Mais il y a une semaine, c'était 2,5 %. A ce rythme-là, dans quelques temps on va arrive 2 % !
- "Il y a des révisions qui ont été faites par le ministre de l'Economie et des Finances et par des institutions comme l'Insee. Il faut évidemment espérer que ce taux de croissance sera atteint. Mais c'est un taux de croissance qui reste soutenu. Il doit permettre de continuer à mener des politiques de solidarité. Je souhaite - je le disais avant même que l'on enregistre ce ralentissement de la croissance - qu'on continue à avoir des politiques très actives de l'emploi. Pourquoi ? Parce que, alors que nous avons fait baisser le chômage de plus d'un million depuis quatre ans, maintenant nous nous attaquons au noyau dur du chômage. Par conséquent, ce n'est pas le moment - au contraire - de laisser tomber les programmes d'aide au retour à l'emploi des chômeurs en difficulté."
Vous pouvez me rappeler le budget total du montant de l'aide à l'emploi ?
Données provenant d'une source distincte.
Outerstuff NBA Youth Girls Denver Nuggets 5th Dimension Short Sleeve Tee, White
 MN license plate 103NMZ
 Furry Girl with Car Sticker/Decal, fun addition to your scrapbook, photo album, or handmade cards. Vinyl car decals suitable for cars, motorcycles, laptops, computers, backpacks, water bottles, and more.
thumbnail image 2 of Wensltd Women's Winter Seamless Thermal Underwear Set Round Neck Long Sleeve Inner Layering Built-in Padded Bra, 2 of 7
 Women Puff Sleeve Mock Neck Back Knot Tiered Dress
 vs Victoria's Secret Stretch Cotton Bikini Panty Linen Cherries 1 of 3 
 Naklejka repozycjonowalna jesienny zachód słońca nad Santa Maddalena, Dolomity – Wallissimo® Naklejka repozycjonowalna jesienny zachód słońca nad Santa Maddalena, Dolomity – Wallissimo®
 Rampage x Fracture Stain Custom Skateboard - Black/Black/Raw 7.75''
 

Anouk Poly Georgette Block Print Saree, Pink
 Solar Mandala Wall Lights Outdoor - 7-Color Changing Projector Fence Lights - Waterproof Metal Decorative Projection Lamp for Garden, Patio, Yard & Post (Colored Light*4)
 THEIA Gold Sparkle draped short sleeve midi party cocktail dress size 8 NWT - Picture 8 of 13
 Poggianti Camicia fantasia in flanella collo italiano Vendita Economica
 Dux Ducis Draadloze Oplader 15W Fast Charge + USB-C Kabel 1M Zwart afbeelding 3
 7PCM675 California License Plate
- "Le budget de l'emploi, c'est 112 milliards de francs. Cela comprend beaucoup de choses mais je peux vous dire que je souhaite que nous ayons l'année prochaine le même nombre de contrats qui aident les chômeurs, notamment pour ceux qui ont le plus de difficulté, à revenir vers l'emploi, que cette année. On a beaucoup réduit ces contrats ; il le fallait parce que la croissance repartait et que l'ensemble de ces contrats - les CES, les contrats emploi-solidarité par exemple - allait à des personnes qui n'étaient pas vraiment des chômeurs en difficulté. Il a fallu réduire cela en même temps que l'on faisait les emplois-jeunes et qu'on reventilait le budget de l'emploi vers d'autres sujets. Maintenant, on touche le noyau dur. Je souhaite donc qu'on maintienne le nombre de ces contrats. On en a besoin pour ramener les chômeurs en difficulté vers l'emploi."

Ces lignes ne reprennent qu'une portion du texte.